Segment Open
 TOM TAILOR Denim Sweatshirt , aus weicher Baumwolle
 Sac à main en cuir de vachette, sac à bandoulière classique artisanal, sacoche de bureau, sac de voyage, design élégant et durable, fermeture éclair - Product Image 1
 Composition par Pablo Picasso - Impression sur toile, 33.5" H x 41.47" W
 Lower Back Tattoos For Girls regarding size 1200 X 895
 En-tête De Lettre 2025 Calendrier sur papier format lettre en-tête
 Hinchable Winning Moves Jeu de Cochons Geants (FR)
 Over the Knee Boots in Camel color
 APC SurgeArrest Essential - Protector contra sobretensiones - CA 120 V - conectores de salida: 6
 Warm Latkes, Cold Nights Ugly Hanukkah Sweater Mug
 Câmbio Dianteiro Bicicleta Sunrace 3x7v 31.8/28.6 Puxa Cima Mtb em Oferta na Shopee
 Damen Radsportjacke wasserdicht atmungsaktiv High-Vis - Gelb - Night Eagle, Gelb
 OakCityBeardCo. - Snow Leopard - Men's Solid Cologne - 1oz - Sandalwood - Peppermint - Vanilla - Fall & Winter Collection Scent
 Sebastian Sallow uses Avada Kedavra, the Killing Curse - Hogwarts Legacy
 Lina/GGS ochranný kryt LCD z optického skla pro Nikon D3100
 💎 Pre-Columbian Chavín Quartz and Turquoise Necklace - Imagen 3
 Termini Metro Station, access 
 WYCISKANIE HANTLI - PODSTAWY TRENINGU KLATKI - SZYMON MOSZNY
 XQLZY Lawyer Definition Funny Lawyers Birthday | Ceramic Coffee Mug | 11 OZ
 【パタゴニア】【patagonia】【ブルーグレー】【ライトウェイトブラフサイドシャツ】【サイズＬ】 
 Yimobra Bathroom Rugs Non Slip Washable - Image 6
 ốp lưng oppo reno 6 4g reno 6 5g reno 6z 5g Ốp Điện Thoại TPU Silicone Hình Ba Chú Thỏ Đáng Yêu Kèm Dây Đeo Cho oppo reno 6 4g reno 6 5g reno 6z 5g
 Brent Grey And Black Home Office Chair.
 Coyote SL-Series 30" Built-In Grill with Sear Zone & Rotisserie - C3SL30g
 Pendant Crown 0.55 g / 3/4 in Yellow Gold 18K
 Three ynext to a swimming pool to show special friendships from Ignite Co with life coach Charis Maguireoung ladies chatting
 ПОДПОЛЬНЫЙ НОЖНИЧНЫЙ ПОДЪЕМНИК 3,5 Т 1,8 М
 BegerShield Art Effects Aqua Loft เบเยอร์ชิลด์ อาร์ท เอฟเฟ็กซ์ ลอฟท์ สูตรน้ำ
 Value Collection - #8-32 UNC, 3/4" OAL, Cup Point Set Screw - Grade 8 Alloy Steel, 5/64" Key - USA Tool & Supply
Segment Closed
## WHAT IS NEEDED
Return, exactly as they stand, the lines from the start of the records above through the line with "Damen Radsportjacke wasserdicht", both ends included, and no other lines.

## PROBLEM SOLUTION
 TOM TAILOR Denim Sweatshirt , aus weicher Baumwolle
 Sac à main en cuir de vachette, sac à bandoulière classique artisanal, sacoche de bureau, sac de voyage, design élégant et durable, fermeture éclair - Product Image 1
 Composition par Pablo Picasso - Impression sur toile, 33.5" H x 41.47" W
 Lower Back Tattoos For Girls regarding size 1200 X 895
 En-tête De Lettre 2025 Calendrier sur papier format lettre en-tête
 Hinchable Winning Moves Jeu de Cochons Geants (FR)
 Over the Knee Boots in Camel color
 APC SurgeArrest Essential - Protector contra sobretensiones - CA 120 V - conectores de salida: 6
 Warm Latkes, Cold Nights Ugly Hanukkah Sweater Mug
 Câmbio Dianteiro Bicicleta Sunrace 3x7v 31.8/28.6 Puxa Cima Mtb em Oferta na Shopee
 Damen Radsportjacke wasserdicht atmungsaktiv High-Vis - Gelb - Night Eagle, Gelb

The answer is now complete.